Quanto à reforma energética — criada nos escritórios de Hillary Clinton quando era secretária de Estado do governo Obama — o candidato da coalizão Juntos Faremos História afirmou que os contratos serão revistos e aqueles em que detectarem irregularidades serão revogados. Mas está longe de questionar a entrega de um recurso estratégico como o petróleo para as multinacionais.

A questão da imigração e o relacionamento com os Estados Unidos merecem um parágrafo separado. No contexto da atual crise migratória — com a separação de famílias e a detenção de crianças migrantes — ele continua afirmando que "não desrespeitaremos o governo dos Estados Unidos porque não queremos que ninguém ofenda nosso povo ou a nação mexicana", como ele afirmou no discurso de encerramento de sua campanha eleitoral.

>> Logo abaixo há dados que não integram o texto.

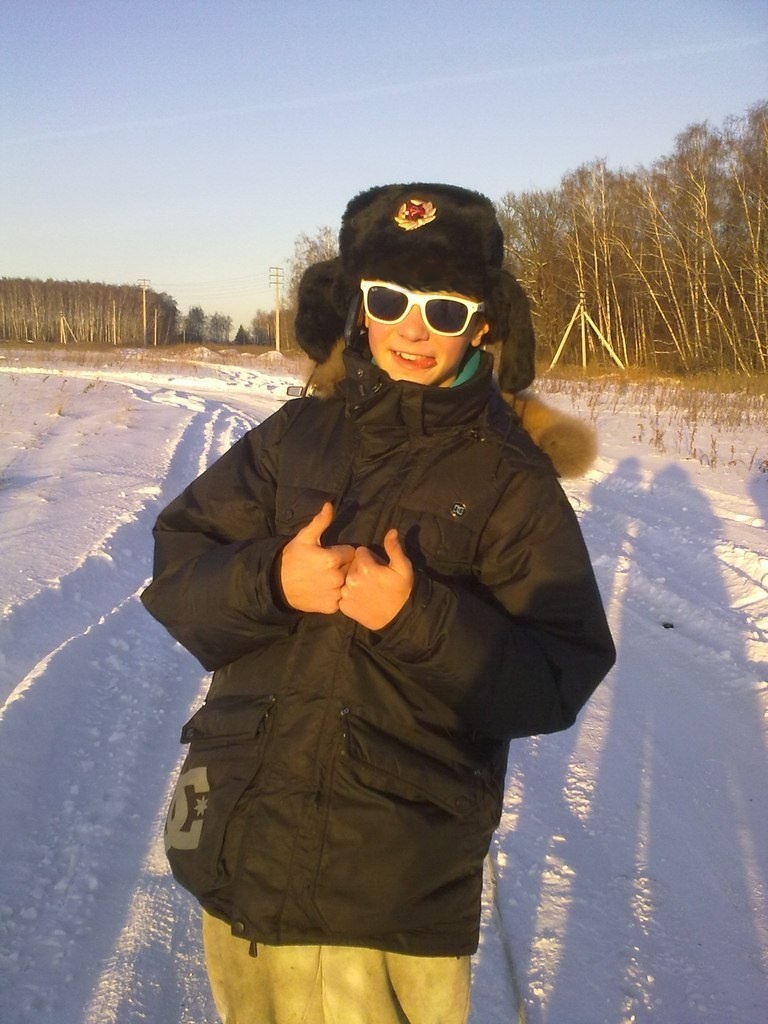 не завидуйте) кст, язык я уже вам показывал... -не солидно? да лан вам.. эмоции зашкаливают!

"No relacionamento com os EUA, haverá uma disposição para dialogar e chegar a um acordo. Na ocasião, proporemos a Trump um tratado abrangente com o Canadá, que também inclua os países da América Central ", insistiu. E depois afirmou: "O México nunca será um pinhata [saco de pancadas] de qualquer governo estrangeiro". Um discurso contraditório, mas bastante moderado, especialmente considerando que não se pronunciou sobre a política de imigração dura do México — ditada desde Washington — contra os imigrantes da América Central, que são barrados e perseguidos pelo território nacional, sendo que fogem da pobreza e da violência que reina nos seus países de origem.

Também vale destacar sua aproximação dos empresários, bem como sua posição em favor da manutenção do Acordo de Livre Comércio da América do Norte (NAFTA, na sigla em inglês) nos termos que foram propostos, o que implicou uma profunda degradação das condições de trabalho para a classe trabalhadora dos três países parceiros para garantir lucros multimilionários às transnacionais. Nada surpreendente, porque em várias ocasiões ele disse que procura governar "os ricos e os pobres", uma afirmação simples para fazer uma política de conciliação entre classes cujos interesses são opostos.

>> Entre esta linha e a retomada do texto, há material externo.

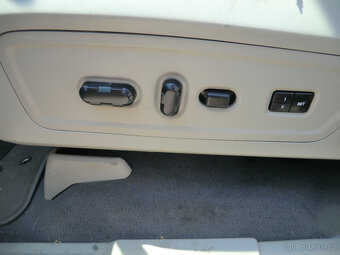 Lincoln Navigator, 5,4L V8 LPG AUTOMAT 7 MÍST TZ - 9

Outro elemento crítico é a sua posição conservadora sobre os direitos democráticos, como a legalização das drogas, o casamento igualitário e o direito ao aborto legal, seguro e gratuito, contra o qual afirma que eles deveriam ir à consulta popular. E este conservadorismo não é coincidência: para ganhar influência eleitoral nos estados do norte se aliou com o Partido Encontro Social (PES), da direita cristã, que impulsionou a Frente Nacional pela Família, que tem realizado manifestações contra o casamento gay e contra os direitos das mulheres.

López Obrador no contexto internacional

É uma leitura errada e ao mesmo tempo interessada afirmar que López Obrador representa a "esquerda" mexicana. Se baseia no apoio eleitoral de amplos setores populares que o veem como uma alternativa, mas representa um novo partido burguês, que agora ocupa o espaço da centro-esquerda moderada e pretende chegar ao governo com uma retórica de tons reformistas incentivado pelos ataques brutais de Trump.

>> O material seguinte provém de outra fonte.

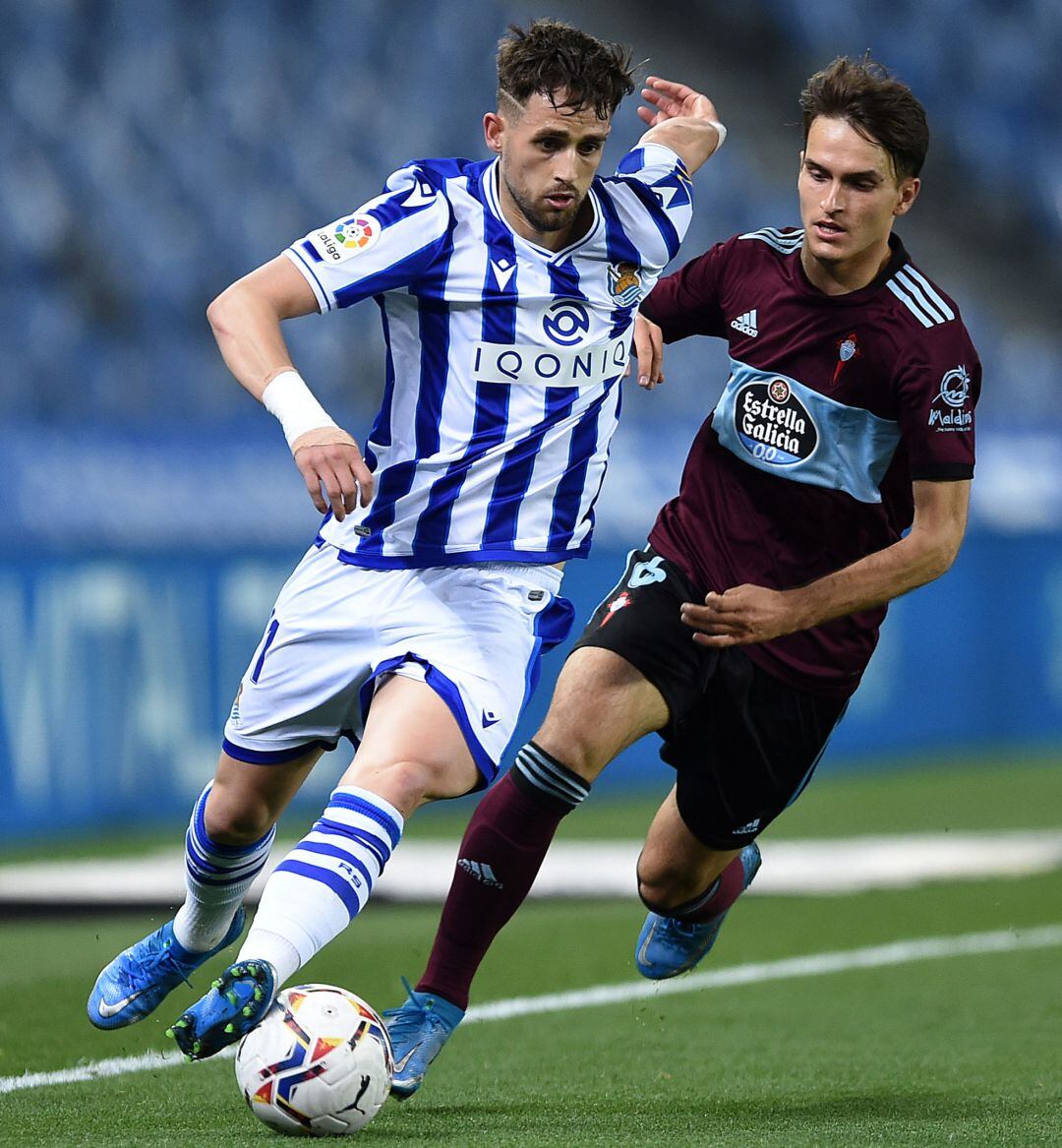 Januzaj, autor del segundo gol realista, se marcha en velocidad de Denis Suarez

É difícil imaginar que o possível triunfo de López Obrador contribuirá para o agrupamento do que a imprensa internacional erroneamente chama de "esquerda latino-americana".

No momento, a moderação da AMLO levou-o a evitar qualquer referência a experiências anteriores (em particular, para evitar ser "estigmatizado" como um novo Chávez), e ao contrário, seu discurso e o de seus intelectuais se concentraram em questões políticas internas, e fala dos Estados Unidos apenas forçado pelas circunstâncias. Dos líderes internacionais "progressistas", o único com que teve uma certa aproximação foi com o líder trabalhista Jeremy Corbyn.

No entanto, de acordo com a dinâmica dos acontecimentos na região, pode ser um ponto de referência político e ideológico, diante do qual é fundamental considerar a verdadeira natureza de seu programa econômico, político e social.

O fato inegável é que a ascensão de López Obrador se deve em grande parte à revolta das maiorias com os tradicionais partidos patronais que dominaram o cenário político mexicano durante décadas. E, ao mesmo tempo, o candidato favorito atua como uma contenção dessa revolta dentro dos limites do atual status quo, e desviou as tendências a que o descontentamento se expresse nas ruas.